GTC(グラミン・トラスト・チアパス)の外部会計士は一般会計原則を守っていなかった。彼のバランスシートはめったにバランスがとれず、彼はしょっちゅうミスをして、経費を隠そうとする試みはずさんだった。3000ドルしかしない車一台の潤滑油とメンテナンスに8000ドルも使ったのは妙だとIDB(米州開発銀行)が気づくかもしれない、と私が指摘せざるをえない場面もあった。この高すぎる潤滑油の販売業者が、経営幹部の一人とも名字も家も、そしておそらくベッドも共有していたのは、たんなる偶然だ。GTCのスタッフや友人に実際に無利子で行われた融資の問題も油断のならないポイントだったし、ルーベンの父親に支払われたお金が不思議なことにGTCの負債リストに記載されていないこともしかり。その代わり、会計用語で言うとそれは寄付として処理されていた――返済されなくてはならないものだったにもかかわらず。グラミン・バングラデシュからの融資も、帳簿から消えていた。

出資金詐欺のようなもの

[第三のタイプの]MFIは融資をして、[担保として]いくらか貯金を集める。これを強制保証または強制貯金と呼ぶ。(略)
[それを悪用して]ほかの顧客に貸して、今度はその顧客に強制貯金を義務づける、というふうにピラミッドはどこまでも広がる。(略)
[MFIの運営に使ったりもする。どちらも禁止されているが、地元当局は見抜けないor看過する。強制貯金と自発的貯金の区別がつきにくいことも利用する]
(略)
ほぼ最初から、FCCでは何かやっかいなことが起こっていると思われた――親会社であるワールド・リリーフも知っている。
「FCCが新たな資金財源を利用できるようになるまで、事業の成長継続を維持するために、顧客の貯金から現金を使う必要がある」このコメントが私の頭から離れなかった。
(略)
 ある意味で、このような行為はバーニー・マドフの出資金詐欺のようなものかもしれない。
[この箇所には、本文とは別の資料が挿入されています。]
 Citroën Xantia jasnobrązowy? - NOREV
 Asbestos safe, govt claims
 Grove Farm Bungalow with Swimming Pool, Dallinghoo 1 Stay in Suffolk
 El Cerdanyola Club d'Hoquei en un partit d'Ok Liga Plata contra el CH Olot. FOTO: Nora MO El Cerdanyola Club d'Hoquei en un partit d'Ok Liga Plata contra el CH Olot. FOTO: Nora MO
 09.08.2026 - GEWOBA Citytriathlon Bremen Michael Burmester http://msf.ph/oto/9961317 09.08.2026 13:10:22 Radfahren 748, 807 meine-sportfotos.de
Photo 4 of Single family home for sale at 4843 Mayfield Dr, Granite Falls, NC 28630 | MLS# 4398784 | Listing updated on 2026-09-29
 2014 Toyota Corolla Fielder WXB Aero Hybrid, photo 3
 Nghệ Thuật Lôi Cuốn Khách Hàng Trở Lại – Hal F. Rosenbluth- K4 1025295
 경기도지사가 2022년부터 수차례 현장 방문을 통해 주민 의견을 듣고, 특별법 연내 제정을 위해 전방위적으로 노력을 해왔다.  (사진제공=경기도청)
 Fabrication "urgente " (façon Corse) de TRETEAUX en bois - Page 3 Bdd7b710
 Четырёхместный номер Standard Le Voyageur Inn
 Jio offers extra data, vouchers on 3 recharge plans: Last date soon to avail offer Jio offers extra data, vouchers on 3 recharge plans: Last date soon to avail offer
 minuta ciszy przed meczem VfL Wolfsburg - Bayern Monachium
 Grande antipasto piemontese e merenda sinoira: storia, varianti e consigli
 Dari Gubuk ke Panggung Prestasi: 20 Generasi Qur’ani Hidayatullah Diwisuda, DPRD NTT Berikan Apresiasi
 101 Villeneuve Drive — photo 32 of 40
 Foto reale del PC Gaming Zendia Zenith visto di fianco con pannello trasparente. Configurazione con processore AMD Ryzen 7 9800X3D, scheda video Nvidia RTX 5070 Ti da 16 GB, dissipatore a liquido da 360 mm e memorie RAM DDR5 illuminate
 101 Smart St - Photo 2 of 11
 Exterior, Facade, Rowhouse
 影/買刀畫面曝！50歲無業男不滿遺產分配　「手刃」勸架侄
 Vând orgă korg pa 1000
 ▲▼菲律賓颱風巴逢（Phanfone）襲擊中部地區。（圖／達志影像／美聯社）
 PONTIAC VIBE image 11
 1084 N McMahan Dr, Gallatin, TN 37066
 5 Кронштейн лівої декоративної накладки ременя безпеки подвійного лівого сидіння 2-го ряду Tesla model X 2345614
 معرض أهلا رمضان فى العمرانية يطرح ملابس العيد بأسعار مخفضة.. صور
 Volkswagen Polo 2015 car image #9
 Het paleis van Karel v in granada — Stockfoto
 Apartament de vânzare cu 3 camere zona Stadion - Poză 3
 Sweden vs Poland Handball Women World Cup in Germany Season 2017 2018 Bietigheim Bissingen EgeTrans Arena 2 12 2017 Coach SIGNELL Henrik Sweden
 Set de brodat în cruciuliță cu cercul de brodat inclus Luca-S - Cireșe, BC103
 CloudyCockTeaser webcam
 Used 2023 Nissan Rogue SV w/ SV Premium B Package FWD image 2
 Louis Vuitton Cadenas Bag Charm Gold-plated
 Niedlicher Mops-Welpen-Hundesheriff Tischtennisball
新しい投資家がお金を注ぎ込み続けるかぎり、初期の投資家に払い戻すために利用できる資金はあるわけで、ダンスの勢いが落ちないかぎり、根本的なポートフォリオがどうなっているかを詳しく知る必要はない。
(略)
これはマイクロファイナンスの融資とよく似ている――顧客はローンを完全に返すまで貯金を引き出せない。引き出せるようになるまでに、新しい顧客が新しい貯金を提供していて、それが前の顧客の貯金払い戻しに使われるわけだ。ポートフォリオがねずみ算式に増え、運営コストが管理できるのであれば万事順調だ。しかし、マドフの基本的な投資があまりうまくいっていないことが明らかになったとき、あるいはMFIの運営コストが高くなってポートフォリオの質も量も低下したとき、問題は急速に危機的になる。潮が引いて、水着を着ていない人たちは全裸で立ち尽くすことになる。
 だから、一般市民からお金を集める機関すべてに厳しい規制が必要なのだが、そのような規制は発展途上国には存在しないことが多い。

FCCの内情を告発して解雇

私がいちばん懸念したのは、ワールド・リリーフ・ボルチモアが、着々と篤志家から資金を受け取りながらも、このMFIを統制できない、あるいは統制する気がないように思えたことだ。
(略)
何となく、ワールド・リリーフのようなキリスト教組織は、ほかのMFIよりもちょっとはましで倫理的なのだろうと思い込んでいた。顧客やスタッフを公正にあつかい、請求する利子も少ないと思っていた。だから、彼らが顧客の貯金、実際には彼らのものではないお金を使いこんでいるのを見て、ショックだった。本当の内部危機に直面したとき、彼らがもう少し前向きに問題に取り組むと信じていた。実際、私はキリスト教の機関のほうが、給料や高級車への関心がそれほど強くないと予想していて、逆だとは思っていなかった。
(略)
私はのちに、それが宗教的なマイクロクレジット組織すべての典型ではないことを学んだ。数年後、別の大規模なキリスト教マイクロファイナンス・ネットワークで働き、そこは正反対であることを知ったのだ――効率的で倫理的な機関が集まっていて、妥当な金利を課し、スタッフと顧客を尊重し、顧客の維持率も高く、明確な使命を持っている。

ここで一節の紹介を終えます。